Painting is Essential to Model Making

One of the more obvious features that sets great models apart from mediocre ones is the paint job. Everyone notices it. A model makers expertly applied paint job doesn’t automatically make a model high quality, but you won’t achieve model perfection without one.

A lot goes into the painting process. Even though it is often thought of as a finishing touch, it’s actually given a good deal of thought early on in a model build. Right at the beginning, during the brainstorming and design phase, consideration is given to the paint colors that will be needed for the different parts. It helps determine the order that the model will be assembled in. Parts are generally painted before being assembled, not after. So it’s not a final step in the process after all.

What Kind of Paint Is Used?

There are different types of  paints for different projects. Our model makers use enamel, lacquer, epoxy, automotive and model paint. Models need paint that looks good, stays on and  is quick drying. Less consideration is given to the hardness of the paint as most models are not subjected to outdoor elements, or scrubbed clean on a regular basis. Paint has two, sometimes three, characteristics that determine how it will perform: pigment, binder and solvent. The pigment will determine the color hue, the binder is the vehicle that sticks the color to the model and the solvent affects the flow or spread-ability.

model making

Once a particular paint is chosen, the model is first given a coat of primer. Primer is a grey, sand-able substance that helps the paint stick to the model. It is flat rather than glossy in texture in order to show all the details of the model, and point out any scratches or  blemishes that may need to be filled or sanded out. Sometimes the primer itself will smooth out light scratches, other times a spot putty is applied to deeper flaws in the surface. When primer has been applied, filled in and sanded the model is perfectly smooth and ready for a coat of paint.

How Is The Paint Applied?

The delivery method of the paint is most often an air brush,  HVLP (high volume, low pressure gun), or spray can.

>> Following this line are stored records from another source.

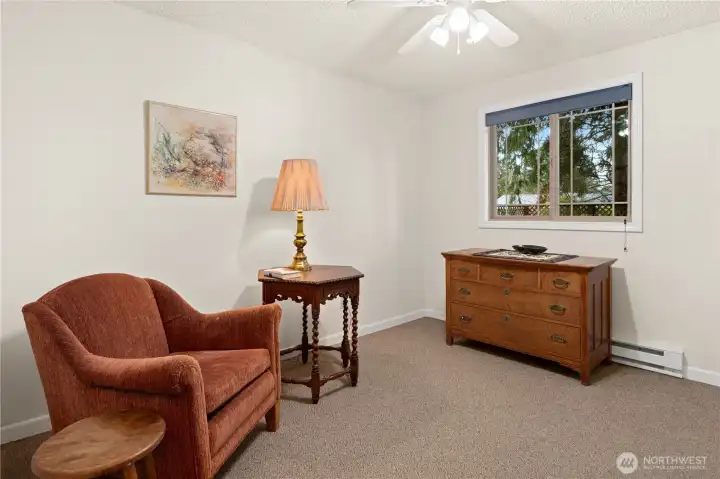 Third bedroom has a ceiling fan with light.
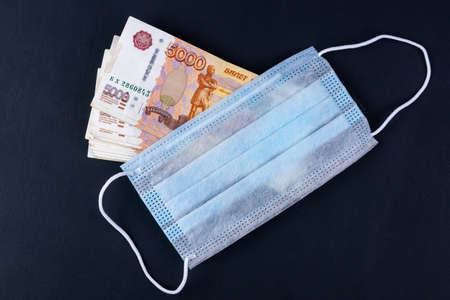 Russian money, rubles wrapped in a medical mask. Medical face masks and money. Surgical face mask. COVID-19 caused a shortage of face masks. Medical mask and five thousand rubles banknote on a black.の写真素材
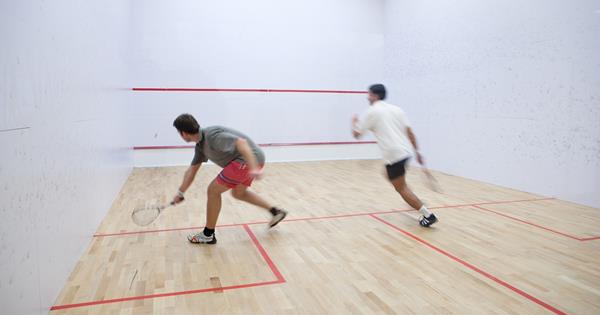Two people playing squash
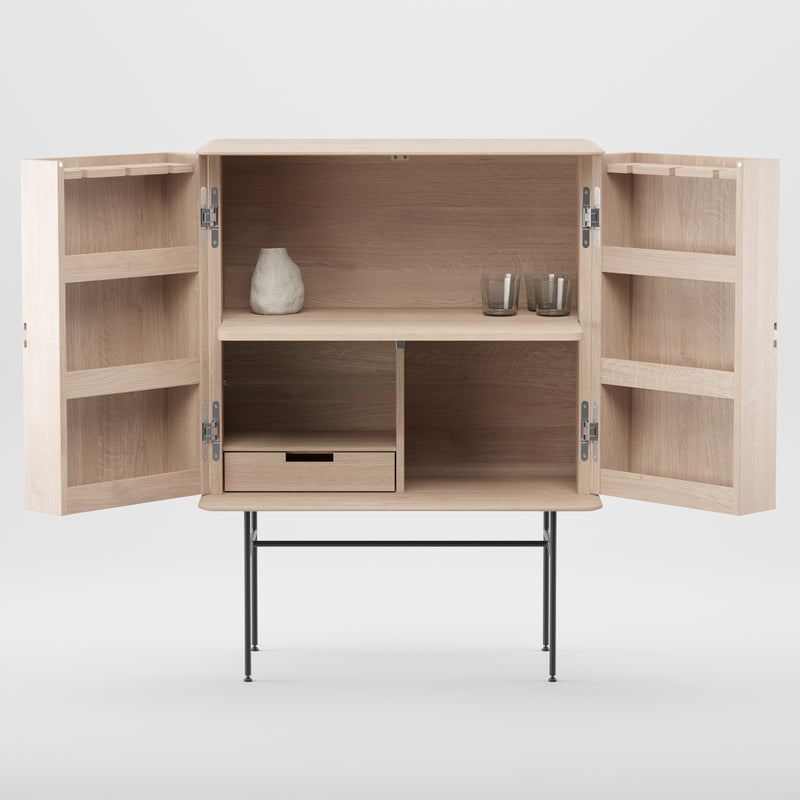 The Leno Bar by Artisan features modern design with light wood, open doors revealing minimalistic shelving adorned with a vase and two glasses. An open shelf complements a closed drawer below. This artisan furniture rests on slim black metal legs.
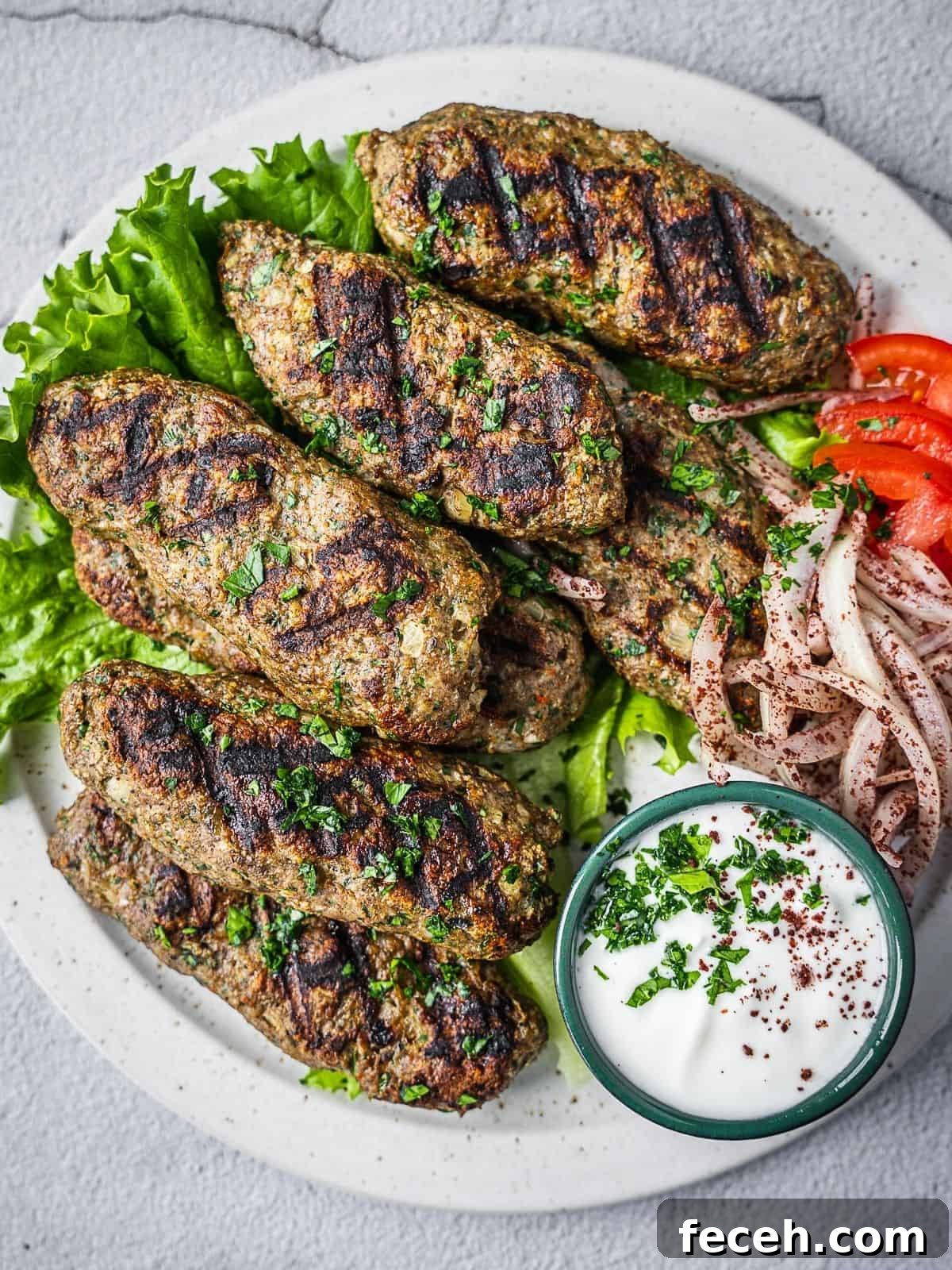 chicken kafta pieces on a plate with yogurt sauce, tomatoes and onions.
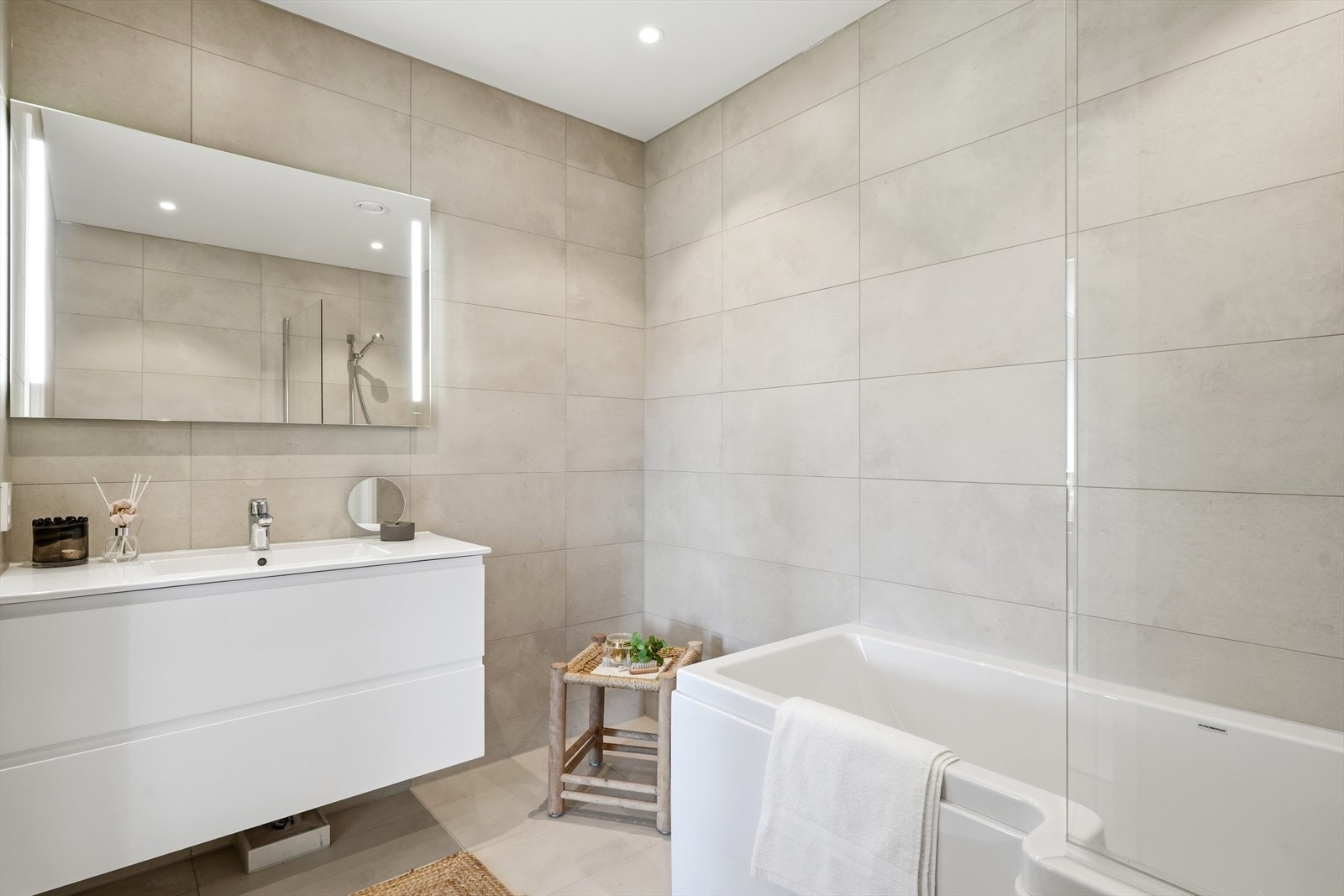 Hovedbadet er også flislagt med delikate fliser på gulv og vegger, og det er elektrisk gulvvarme. Badet inneholder innredning med heldekkende servant, veggmontert toalett og badekar med dusjgarnityr. Galleribilde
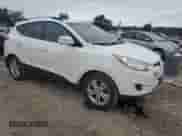 2012 Hyundai Tucson GLS with VIN KM8JUCAC5CU373403, listed as a Copart auction lot 69547285 with 141,239 mi miles and Salvage title. Bid and sale history available at DreamBid. Image 4.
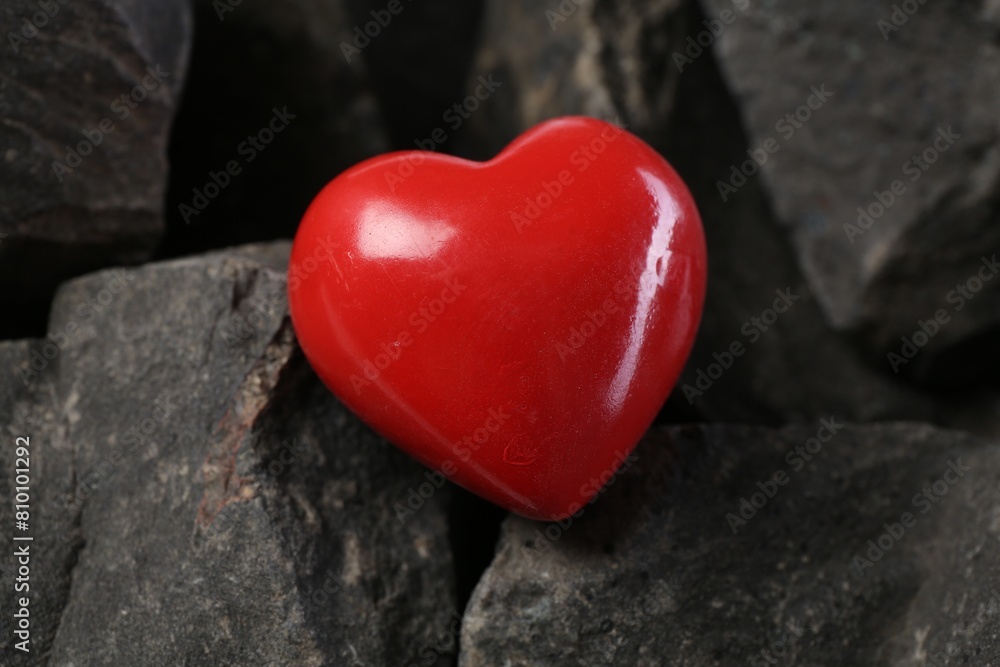 Obraz premium One red decorative heart on stones, closeup
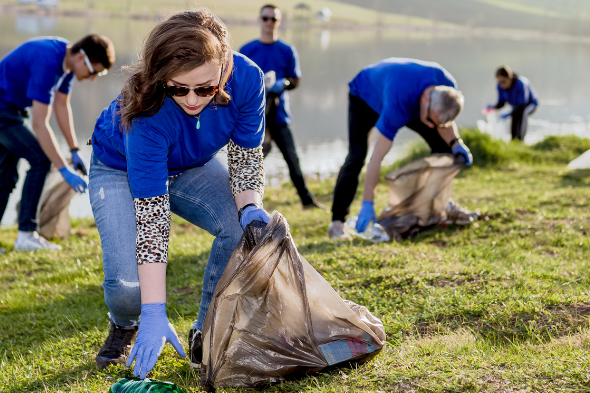 Students outside on a litter cleanup trip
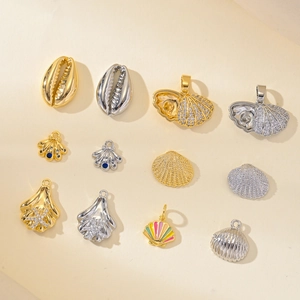 Marine life pendants set with sea shells and stars featuring gold and silver plating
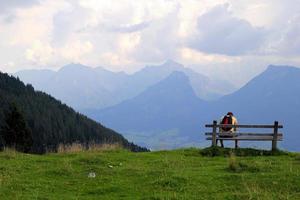 viaje a sankt-wolfgang, austria. el joven está sentado en un banco con vistas a las montañas. foto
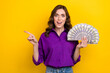 Photo of impressed excited woman with curly hairdo dressed purple shirt hold dollars indicating empty space isolated on yellow background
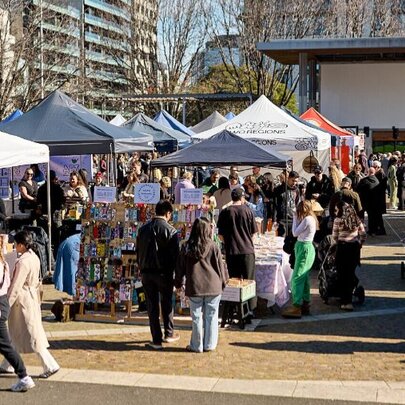 Outdoor market with tented stalls, strolling marketgoers, bare winter trees and city buildings.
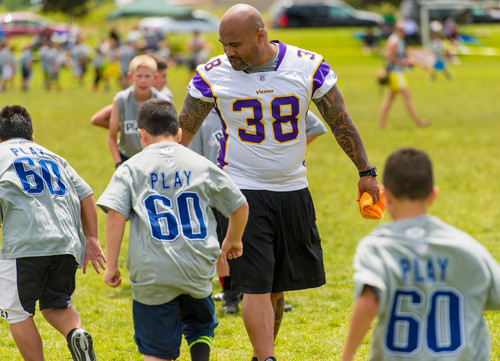 Trent Nelson  |  The Salt Lake Tribune
Naufahu Tahi runs drills as retired and current NFL players stage a training session as part of the NFL Play 60 program, in Layton, Friday June 20, 2014.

Most paint is applied in some kind of mist form. Rarely is a brush used, except for the tiniest details.  Masking is used to cover parts of the model that are not ready for painting. Special tape is used for this purpose. While applying paint, it’s also important to know how different paints will interact. Some types of  paint will have a volatile reaction with each other depending on the type of solvent that is used in them.

model maker

Once the paint has been applied with an expert hand and eye, it needs to dry properly. While some paint will be dry to the touch almost immediately, the surface underneath may still be damp. A model may seem dry when the solvent in it hits the air and evaporates, but curing is the polymerization of the paint binder (a chemical process that may take much longer). Ideally a freshly painted model should sit for a couple of days before packing or wrapping for shipment.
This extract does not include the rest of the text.